How are currencies traded?
Currencies are always traded in pairs. Some examples of these pairs are EUR/USD – euro vs. US dollar, USD/JPY – dollar vs. Japanese yen, and GBP/USD – British pound vs. dollar. The first currency is called the base and the second is called the quote. This fraction, also called the exchange rate or price, tells you how much of the quote currency you need to buy one unit of the base currency. For example, the exchange rate for EUR/USD is 1.16 at the time of writing this article. That means it costs 1.16 US dollars to buy one euro.
Now, let's say you think that in a month, the exchange rate will jump to 1.5, meaning that it will now cost 1.5 dollars to buy a euro. You could purchase 100 euros for $116. Let's say you're correct, and in a month, the exchange rate jumps to 1.5. At this point, you could trade your 100 euros that you bought for $116 for $150, about a 29% profit.
Pros of Forex
High Liquidity. Because the Forex market is so huge, you can enter your trades almost instantly.
24-Hour Market. Unlike stock markets which only run from 9:30AM to 4:00PM, Forex trades around the clock because there’s always a market open somewhere in the world.
Leverage Opportunities. Forex brokers often let traders control much larger positions than their account balance, which can amplify gains (and losses too). This is because currency price changes are usually small compared to stocks or other assets, so leverage lets traders potentially make meaningful profits with less money. For example, a broker may allow you to buy $10,000 worth of a currency even though you only have $1,000 in your account.
Cons of Forex
Complexity. Currencies are influenced by many factors like interest rates, trade balances, central bank policies, and global crises. Some investors find this to be too much to monitor, and prefer to simply invest other assets.
Volatility and Leverage.

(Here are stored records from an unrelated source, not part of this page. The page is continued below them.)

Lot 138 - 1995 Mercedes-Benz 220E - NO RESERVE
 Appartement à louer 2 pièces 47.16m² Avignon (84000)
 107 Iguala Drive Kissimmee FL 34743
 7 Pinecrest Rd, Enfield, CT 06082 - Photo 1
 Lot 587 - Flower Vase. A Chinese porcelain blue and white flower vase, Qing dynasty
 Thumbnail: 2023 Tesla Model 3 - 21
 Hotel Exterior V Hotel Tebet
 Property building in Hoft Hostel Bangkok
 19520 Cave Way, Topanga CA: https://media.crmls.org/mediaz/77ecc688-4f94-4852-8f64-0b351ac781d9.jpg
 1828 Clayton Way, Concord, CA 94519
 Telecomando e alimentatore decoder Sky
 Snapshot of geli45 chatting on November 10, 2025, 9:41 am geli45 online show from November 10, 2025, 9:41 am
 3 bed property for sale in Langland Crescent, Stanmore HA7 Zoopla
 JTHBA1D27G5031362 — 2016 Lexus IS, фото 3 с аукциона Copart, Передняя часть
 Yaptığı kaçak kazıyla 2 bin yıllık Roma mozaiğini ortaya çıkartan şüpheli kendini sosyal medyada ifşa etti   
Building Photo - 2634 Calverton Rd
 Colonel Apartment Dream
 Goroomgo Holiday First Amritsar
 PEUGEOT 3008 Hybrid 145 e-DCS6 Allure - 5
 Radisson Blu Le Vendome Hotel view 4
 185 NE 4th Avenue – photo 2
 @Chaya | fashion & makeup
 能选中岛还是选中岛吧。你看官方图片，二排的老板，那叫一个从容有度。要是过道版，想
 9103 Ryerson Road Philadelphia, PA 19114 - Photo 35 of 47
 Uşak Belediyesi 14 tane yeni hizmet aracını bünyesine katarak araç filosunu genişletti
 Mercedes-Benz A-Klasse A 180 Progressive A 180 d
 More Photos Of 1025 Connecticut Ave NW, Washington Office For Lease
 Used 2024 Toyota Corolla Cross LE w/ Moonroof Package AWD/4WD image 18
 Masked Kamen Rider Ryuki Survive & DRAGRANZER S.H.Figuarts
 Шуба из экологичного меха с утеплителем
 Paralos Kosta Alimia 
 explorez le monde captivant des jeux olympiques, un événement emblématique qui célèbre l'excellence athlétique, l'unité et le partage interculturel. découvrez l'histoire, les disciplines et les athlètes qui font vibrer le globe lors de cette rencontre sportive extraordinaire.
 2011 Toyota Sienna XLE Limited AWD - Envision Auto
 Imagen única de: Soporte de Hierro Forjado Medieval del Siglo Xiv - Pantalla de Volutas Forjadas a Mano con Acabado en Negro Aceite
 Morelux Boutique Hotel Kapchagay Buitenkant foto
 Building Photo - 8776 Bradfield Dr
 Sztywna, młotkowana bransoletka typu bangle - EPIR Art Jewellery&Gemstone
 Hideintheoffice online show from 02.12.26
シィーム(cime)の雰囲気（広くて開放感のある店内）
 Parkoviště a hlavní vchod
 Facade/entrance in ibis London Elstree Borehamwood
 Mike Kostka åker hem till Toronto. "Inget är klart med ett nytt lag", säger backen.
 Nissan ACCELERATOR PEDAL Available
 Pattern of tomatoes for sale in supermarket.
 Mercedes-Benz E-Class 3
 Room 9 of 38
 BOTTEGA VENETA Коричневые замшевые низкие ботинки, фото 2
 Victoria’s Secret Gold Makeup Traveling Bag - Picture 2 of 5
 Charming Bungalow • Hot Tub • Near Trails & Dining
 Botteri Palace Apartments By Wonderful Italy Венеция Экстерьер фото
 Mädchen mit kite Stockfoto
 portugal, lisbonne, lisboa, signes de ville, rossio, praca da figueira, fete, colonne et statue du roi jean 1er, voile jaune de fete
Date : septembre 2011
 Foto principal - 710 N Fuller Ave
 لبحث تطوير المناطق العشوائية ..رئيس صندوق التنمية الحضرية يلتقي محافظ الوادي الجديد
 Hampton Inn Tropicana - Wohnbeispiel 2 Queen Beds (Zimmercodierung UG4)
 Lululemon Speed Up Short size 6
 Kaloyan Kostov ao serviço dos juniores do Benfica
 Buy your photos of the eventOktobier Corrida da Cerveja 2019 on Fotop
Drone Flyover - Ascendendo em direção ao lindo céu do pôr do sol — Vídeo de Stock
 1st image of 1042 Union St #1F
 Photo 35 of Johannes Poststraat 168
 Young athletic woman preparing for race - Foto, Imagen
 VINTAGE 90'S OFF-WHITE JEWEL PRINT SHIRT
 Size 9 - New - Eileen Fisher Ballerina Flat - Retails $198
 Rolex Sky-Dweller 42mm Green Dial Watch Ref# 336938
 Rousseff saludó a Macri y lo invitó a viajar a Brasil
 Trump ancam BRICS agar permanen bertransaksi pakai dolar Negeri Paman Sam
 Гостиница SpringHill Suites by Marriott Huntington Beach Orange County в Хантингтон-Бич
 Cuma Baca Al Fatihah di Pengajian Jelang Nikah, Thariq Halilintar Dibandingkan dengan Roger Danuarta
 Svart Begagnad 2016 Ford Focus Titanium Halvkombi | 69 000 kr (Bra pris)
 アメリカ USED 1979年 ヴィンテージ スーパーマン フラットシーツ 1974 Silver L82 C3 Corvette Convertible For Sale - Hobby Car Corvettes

Some currencies can fluctuate in value quicker than other assets, while leverage can also add additional risk when losses become extreme.
How People Trade Forex
There are three main ways: spot trading, which is buying and selling currencies at the current market price; buying futures and options, which are contracts to buy or sell currencies at a future date, often used for hedging risk; and buying currency ETFs, which are funds that track a currency or a basket of currencies. The last option makes forex more accessible to beginners.